U.S. Releases Comprehensive Look at Cancer Rates
New report covers 84 percent of the population
THURSDAY, Nov. 13, 2003 (HealthDayNews) -- A new report on cancer rates across the United States inches closer to the goal of complete numbers that can help hone state-by-state prevention and treatment efforts, federal epidemiologists say.
The summary, United States Cancer Statistics: 2000 Incidence Report, includes data from 41 states, the District of Columbia and six metropolitan areas covering 84 percent of the country's population. That's up from the 78 percent coverage rate from last year's report, which had data for 1999.
For all ethnic groups, the summary says, prostate cancer is the leading malignancy among men, and breast cancer among women. Lung cancer is the second-leading cancer for all men and for white women, while colorectal cancer is second among black and Asian/Pacific Island women.

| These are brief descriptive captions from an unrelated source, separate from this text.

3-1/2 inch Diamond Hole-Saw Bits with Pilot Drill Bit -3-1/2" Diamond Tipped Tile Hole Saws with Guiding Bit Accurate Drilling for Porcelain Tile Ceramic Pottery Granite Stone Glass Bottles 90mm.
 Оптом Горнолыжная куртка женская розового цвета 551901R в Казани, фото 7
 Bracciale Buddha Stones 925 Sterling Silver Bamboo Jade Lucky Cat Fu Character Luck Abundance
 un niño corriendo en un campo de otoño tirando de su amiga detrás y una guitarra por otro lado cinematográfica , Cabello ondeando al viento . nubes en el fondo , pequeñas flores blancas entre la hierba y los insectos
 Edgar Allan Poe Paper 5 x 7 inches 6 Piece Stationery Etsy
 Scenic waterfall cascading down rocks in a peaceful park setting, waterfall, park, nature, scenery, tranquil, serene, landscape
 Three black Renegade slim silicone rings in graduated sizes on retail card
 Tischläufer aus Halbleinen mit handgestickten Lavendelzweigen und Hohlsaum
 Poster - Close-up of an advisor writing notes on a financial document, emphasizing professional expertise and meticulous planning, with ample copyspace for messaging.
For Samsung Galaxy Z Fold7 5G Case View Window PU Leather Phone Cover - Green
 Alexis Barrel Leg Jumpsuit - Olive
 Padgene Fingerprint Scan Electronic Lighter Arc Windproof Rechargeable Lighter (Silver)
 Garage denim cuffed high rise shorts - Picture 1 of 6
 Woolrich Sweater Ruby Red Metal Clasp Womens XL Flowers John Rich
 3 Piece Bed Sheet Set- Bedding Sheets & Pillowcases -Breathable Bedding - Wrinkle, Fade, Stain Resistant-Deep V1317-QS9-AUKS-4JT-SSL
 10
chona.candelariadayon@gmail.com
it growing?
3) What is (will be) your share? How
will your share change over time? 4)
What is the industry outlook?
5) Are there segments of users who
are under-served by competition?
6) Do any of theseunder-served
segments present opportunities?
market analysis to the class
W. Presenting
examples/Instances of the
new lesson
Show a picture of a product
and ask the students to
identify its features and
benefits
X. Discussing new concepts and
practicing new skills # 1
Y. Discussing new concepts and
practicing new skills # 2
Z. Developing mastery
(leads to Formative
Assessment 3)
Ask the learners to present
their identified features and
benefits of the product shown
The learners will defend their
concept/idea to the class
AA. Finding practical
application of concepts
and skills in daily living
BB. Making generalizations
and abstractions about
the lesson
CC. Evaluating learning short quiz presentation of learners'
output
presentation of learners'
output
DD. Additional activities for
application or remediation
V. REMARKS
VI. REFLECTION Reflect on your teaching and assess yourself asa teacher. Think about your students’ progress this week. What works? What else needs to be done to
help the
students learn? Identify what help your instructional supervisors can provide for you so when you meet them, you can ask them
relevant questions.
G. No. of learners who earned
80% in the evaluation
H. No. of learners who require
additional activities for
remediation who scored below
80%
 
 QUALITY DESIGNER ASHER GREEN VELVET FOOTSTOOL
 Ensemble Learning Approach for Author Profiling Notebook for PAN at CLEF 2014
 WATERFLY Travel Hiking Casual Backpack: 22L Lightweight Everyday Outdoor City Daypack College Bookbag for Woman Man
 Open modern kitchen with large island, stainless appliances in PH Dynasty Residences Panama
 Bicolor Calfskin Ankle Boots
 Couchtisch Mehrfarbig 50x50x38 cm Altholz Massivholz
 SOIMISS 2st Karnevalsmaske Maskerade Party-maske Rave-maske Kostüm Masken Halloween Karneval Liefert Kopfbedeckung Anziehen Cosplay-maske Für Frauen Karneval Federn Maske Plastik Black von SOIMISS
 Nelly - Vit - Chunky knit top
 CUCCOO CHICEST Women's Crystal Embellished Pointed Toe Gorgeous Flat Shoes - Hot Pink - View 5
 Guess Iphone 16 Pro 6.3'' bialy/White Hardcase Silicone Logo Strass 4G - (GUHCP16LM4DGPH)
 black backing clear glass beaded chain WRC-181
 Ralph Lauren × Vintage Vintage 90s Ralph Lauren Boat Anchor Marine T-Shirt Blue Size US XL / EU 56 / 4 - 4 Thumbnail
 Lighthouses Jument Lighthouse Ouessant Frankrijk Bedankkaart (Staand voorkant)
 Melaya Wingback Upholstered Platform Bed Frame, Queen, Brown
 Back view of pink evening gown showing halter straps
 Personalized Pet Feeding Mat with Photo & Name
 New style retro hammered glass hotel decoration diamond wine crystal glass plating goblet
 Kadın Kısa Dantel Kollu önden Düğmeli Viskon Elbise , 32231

The report, released Thursday by the U.S. Department of Health and Human Services, is a joint effort of the Centers for Disease Control and Prevention and the National Cancer Institute, in collaboration with the North American Association of Cancer Registries.
"It's important for all states to have complete information on cancer incidence because there are a lot of local factors that are important in cancer prevention and treatment," says Patricia Jamison, a CDC epidemiologist who worked on the report.
Federal money and advice have been essential in helping states assemble the data, Jamison says. "There have been different levels of data gathering," she adds. "Some states got started on cancer registries only when we gave them money."
The hope is that complete information on cancer incidence for every state will become available "in the next two or three years," Jamison says. "The CDC is working with the states that do not have data in this report."
One new feature of the latest report is the addition of data on people of Asian/Pacific Island origin. Overall, they have lower cancer incidence rates than whites and blacks, the numbers show.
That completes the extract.